Create ‘Builds’ in Your Visuals
When you’re sharing your insights in a presentation, you’ll want to display your chart one or two bars at a time. This approach will give you control over when people receive each wave of information. You’ll have time to fill in the details as you speak, generating suspense within the data narrative.
You might start with describing a trend’s historical performance by recapping how the data looked in the past — for instance, how a team performed in the first and second fiscal quarters:
You present the first and second bars with narrative to support how things were great as that data was rising. But now you reveal that the third and fourth quarters trended downward:
With this chart, you explain why the numbers dipped. Before you show the next bar, you remind everyone that the team members made a commitment to rally to turn things around and were energized to set an aggressive goal, knowing that it was going to take a lot from each of them. You can incorporate some dramatic pauses as you reveal the next bar; for instance, you might say, “This was our goal. It was an ambitious goal, an aggressive KPI.”
Then you show the next bar and say, “And guess what: We hit that goal!”
At this point, the audience typically is excited. Maybe you hear applause and some cheering.
But maybe you’re holding back a little information about extra good news. This is when you share it — at the end (not at the very beginning, before you’ve taken people on this journey).
You pause, and then you say, “But … that was an early cut at the numbers. We actually blew past that target.” And you show the next slide.
Present the information this way, and people may start a little whooping and hollering.
You get the picture. Your visuals reveal your narrative, one bit of data at a time. Revealing data piece by piece instead of all at once not only helps your presentation make sense but also creates meaning.
Recognize Heroes and Battle Lines
One more tool to incorporate into presenting data is the idea of a hero. There’s nothing like a battle of good versus evil to elicit a passionate response to a data-driven idea.
In the example above, the people in the audience are the hero of the data story. They rallied, and their actions turned the trajectory of the data around.
Using language that identifies people as heroes is a way to help them see their role in creating a positive outcome. They stood in the hero’s shoes, facing the adversary. Once your audience is connecting on that level, invite them to consider what will sustain the hero’s desire to reach their goal and give them the energy to fight the good fight.
Deploying data visualization tools in a thoughtful way can make all the difference in moving audiences that are distracted by busy jobs and competing demands. The goal is to get an audience actively invested in what the data is revealing.

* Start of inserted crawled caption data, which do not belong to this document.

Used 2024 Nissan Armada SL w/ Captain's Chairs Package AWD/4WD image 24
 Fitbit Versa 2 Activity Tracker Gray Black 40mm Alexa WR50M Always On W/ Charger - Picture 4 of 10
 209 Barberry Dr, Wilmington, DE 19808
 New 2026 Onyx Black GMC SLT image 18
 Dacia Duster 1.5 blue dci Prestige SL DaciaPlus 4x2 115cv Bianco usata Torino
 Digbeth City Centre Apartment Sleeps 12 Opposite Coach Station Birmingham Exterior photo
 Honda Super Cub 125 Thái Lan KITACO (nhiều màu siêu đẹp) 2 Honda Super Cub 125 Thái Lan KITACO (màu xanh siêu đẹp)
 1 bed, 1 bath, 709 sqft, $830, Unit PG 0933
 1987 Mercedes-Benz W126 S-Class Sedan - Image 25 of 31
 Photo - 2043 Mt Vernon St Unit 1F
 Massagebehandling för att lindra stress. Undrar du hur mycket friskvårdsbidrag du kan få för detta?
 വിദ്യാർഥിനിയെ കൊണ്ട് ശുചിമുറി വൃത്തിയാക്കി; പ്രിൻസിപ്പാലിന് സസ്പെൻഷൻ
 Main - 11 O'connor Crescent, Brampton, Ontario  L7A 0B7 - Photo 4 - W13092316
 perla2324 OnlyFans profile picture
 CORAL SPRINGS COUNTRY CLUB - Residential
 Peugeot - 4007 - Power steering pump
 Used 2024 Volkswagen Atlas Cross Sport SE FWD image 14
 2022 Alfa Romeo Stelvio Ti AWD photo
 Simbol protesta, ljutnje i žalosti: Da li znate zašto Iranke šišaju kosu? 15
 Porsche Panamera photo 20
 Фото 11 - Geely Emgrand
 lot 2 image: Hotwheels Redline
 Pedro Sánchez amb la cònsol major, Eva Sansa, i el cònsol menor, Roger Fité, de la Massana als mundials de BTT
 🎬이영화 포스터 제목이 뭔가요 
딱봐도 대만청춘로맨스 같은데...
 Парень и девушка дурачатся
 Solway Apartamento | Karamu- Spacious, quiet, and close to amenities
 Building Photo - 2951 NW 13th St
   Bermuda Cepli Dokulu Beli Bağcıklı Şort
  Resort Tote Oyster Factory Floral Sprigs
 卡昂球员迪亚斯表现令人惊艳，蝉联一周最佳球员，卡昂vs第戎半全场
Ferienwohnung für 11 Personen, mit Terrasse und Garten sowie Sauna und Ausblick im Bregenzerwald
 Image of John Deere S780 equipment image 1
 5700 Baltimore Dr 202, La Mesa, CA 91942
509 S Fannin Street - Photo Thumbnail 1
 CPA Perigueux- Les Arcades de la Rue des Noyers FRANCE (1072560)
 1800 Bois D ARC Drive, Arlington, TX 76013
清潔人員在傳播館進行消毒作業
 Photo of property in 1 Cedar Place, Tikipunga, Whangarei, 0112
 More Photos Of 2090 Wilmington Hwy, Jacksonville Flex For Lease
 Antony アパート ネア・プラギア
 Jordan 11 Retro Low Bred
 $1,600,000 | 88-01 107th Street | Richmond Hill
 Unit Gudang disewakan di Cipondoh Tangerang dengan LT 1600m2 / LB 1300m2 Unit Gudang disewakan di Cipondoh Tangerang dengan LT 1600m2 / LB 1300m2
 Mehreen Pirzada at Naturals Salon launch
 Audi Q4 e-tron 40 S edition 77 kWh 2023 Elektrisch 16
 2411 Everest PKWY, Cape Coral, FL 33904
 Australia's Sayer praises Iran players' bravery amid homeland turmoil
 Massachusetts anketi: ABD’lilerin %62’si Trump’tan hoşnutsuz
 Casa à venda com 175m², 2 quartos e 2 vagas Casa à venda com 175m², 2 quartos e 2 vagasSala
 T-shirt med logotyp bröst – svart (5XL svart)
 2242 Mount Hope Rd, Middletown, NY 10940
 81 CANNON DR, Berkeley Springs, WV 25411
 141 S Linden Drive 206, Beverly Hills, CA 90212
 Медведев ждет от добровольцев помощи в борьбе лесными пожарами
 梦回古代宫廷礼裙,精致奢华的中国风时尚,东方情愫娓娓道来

Inspiring people to move in a desired direction can be a struggle — especially if you’re asking them to change their behaviors to help the organization see a change in its numbers. Defining the struggle and conflicts your hero endured is storytelling at its finest. Charting the hills and valleys of the hero’s journey, and building the reveal, elicits a gut response. By clearly defining your cast of characters and placing your audience in the hero role, you can highlight the human desires, struggles, and accomplishments within your data and get people to engage more deeply with your ideas.